This tweet by President Trump naturally ruffled the feathers of liberal pundits, but it points to a particular perversion of our federal system that should be troubling to all of us: a highly politicized and virtually omnipotent judiciary.

The founders expected the judiciary to be the “least dangerous” branch of government; the neutral arbiter of legal questions according to the written laws adopted pursuant to the political process. But today, that would be a poor description of what the court actually does.

Thanks to the idea that we live under an “organic Constitution” whose meaning changes with the times, many federal judges today are not so much neutral arbiters as they are linguistic contortionists, twisting the black-and-white words of our Constitution to accommodate shape-shifting societal values.

In the hands of judges allowed to operate according to this philosophy, the Constitution cannot effectively define or limit government power. As long as we permit judges to reinvent the meaning of the words and phrases that frame our government, the political persuasion of those judges will not only be relevant, but key.

Do they think the Affordable Care Act is a good idea? Then they will just announce that Congress’ taxation power allows it to penalize individuals for not purchasing a qualifying policy. Voila – a precedent declaring Congress to have a power that neither a single Founding Father nor intellectually honest modern-day reader would have ever perceived from constitutional text.

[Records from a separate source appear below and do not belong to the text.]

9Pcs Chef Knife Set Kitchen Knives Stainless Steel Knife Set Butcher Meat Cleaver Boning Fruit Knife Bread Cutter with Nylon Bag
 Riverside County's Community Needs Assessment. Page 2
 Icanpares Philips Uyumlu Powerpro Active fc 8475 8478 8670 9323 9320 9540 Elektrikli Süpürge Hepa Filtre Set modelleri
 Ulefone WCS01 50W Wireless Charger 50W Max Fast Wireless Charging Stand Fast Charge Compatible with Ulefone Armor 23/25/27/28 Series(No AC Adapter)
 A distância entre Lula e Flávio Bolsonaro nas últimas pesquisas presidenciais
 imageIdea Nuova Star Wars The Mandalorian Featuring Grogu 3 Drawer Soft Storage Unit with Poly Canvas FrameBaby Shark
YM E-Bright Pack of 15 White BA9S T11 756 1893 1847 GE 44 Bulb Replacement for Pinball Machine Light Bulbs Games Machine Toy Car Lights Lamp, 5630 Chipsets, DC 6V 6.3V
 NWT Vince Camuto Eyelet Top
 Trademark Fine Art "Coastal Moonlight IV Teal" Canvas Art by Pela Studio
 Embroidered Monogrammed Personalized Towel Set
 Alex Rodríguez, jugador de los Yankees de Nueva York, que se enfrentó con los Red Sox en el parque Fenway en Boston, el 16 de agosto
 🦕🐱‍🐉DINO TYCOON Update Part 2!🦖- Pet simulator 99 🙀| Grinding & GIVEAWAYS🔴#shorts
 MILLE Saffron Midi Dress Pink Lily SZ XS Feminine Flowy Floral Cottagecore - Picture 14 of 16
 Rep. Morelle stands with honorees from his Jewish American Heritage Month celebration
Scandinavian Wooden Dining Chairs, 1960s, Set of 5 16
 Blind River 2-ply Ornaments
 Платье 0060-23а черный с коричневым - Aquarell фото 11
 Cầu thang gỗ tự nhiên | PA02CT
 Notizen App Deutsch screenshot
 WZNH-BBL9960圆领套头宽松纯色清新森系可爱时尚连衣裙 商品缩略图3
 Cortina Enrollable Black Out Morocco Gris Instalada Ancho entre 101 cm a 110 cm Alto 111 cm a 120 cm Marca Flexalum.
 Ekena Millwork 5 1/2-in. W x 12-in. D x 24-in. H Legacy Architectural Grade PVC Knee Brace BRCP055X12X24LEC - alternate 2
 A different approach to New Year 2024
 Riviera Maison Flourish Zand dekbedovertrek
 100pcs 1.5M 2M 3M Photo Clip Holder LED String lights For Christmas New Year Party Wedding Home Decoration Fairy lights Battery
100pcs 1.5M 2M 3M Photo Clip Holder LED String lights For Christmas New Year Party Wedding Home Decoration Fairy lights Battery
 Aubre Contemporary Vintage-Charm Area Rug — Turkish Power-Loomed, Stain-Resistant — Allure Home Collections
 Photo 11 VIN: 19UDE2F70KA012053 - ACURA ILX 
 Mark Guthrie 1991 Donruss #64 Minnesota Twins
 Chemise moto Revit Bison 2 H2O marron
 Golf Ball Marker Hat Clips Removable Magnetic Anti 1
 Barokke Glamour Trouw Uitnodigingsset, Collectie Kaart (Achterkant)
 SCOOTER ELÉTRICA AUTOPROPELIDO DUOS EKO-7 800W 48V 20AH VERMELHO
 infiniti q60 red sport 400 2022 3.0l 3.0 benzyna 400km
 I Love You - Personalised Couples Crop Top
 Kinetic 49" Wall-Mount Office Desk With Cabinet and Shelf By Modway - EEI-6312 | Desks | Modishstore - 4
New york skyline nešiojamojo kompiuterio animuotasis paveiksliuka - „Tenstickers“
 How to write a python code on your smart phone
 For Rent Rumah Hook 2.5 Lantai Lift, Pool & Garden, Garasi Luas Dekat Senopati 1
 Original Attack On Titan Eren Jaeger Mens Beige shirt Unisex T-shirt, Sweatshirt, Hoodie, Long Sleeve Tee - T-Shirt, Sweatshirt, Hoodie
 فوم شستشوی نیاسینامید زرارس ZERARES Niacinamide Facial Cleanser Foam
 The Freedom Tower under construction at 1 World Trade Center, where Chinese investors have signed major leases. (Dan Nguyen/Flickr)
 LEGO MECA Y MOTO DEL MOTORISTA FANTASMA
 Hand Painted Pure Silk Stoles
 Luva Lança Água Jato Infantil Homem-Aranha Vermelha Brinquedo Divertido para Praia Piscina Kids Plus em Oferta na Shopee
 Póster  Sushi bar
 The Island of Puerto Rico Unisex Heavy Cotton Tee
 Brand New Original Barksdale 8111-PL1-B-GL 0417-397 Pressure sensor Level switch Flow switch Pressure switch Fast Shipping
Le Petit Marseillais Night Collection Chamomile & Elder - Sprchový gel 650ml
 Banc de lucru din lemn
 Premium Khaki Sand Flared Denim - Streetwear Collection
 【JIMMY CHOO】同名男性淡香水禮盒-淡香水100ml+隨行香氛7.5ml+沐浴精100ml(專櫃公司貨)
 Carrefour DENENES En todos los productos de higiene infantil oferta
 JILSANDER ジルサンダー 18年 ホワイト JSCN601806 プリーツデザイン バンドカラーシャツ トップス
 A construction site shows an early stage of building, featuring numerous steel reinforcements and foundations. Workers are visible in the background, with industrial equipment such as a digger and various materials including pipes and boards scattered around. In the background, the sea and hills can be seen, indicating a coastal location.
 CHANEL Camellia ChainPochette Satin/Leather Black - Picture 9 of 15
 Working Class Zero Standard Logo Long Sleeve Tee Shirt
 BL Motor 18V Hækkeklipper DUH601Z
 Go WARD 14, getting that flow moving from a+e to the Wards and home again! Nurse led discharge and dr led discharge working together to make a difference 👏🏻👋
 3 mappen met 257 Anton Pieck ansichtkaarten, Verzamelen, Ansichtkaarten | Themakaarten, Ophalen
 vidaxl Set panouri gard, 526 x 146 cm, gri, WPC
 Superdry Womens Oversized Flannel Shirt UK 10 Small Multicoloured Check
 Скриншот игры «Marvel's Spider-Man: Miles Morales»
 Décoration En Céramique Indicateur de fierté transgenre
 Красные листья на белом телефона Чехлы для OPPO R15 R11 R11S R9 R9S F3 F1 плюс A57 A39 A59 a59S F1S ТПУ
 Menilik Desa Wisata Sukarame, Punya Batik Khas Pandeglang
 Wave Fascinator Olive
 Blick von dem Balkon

The late Justice Antonin Scalia once lamented, “The Court must be living in another world. Day by day, case by case, it is busy designing a Constitution for a country I do not recognize.” A Court with the power to do this is guaranteed to be a politicized Court, and the government of which it is a part will be one whose boundaries are constantly moving.

If we all agree that this is problematic – if we prefer the rule of law to the rule of judges – then we should unite to restore a judiciary that decides cases on the basis of what is actually written in the law. Where the law is silent, the question is left to the political process.

But how do we get back to this?

The long-term solution is constitutional amendment. Through an amendment, we should instruct the court to strictly construe the enumerated powers of the federal government according to the meaning of the words when written, and that while the people’s liberties should be interpreted broadly, new “rights” may only be codified by legislatures or added pursuant to Article V’s constitutional amendment process; they may not be created by the courts.

The effect of this kind of permanent rule of constitutional interpretation would be not only to restrict the courts to doing what courts were meant to do, but also to put the rest of the federal government back inside its constitutional fences. It would require federal courts to strike down the myriad actions and policies of federal agencies, institutions and officials that are not directly tied to an enumerated federal power as those powers were originally understood.

This, in turn, would restore a robust federal system in which state and local governments – which are much more responsive to the people – determine the vast majority of the laws and policies that govern us.

Despite what some may suggest, interpreting the Constitution strictly according to its original meaning doesn’t relegate us to life with an outdated Constitution. When changes are truly needed, they simply must be made and approved by “we, the people,” according to the process we all agreed upon (in Article V) rather than made by judicial fiat.

This is what it looks like to live under the rule of law.

We have long complained about illegitimate “judicial activism” and the ways it has undermined our self-governance. It is time for the states to use the tool the Constitution provides in Article V to curtail judicial tyranny once and for all.

How a federal judge – and especially a Supreme Court justice – will interpret the supreme law of our land is too significant to be merely a litmus test used by partisan politicians in the appointment process. It should be a black-and-white mandate to the judiciary contained in the Constitution itself.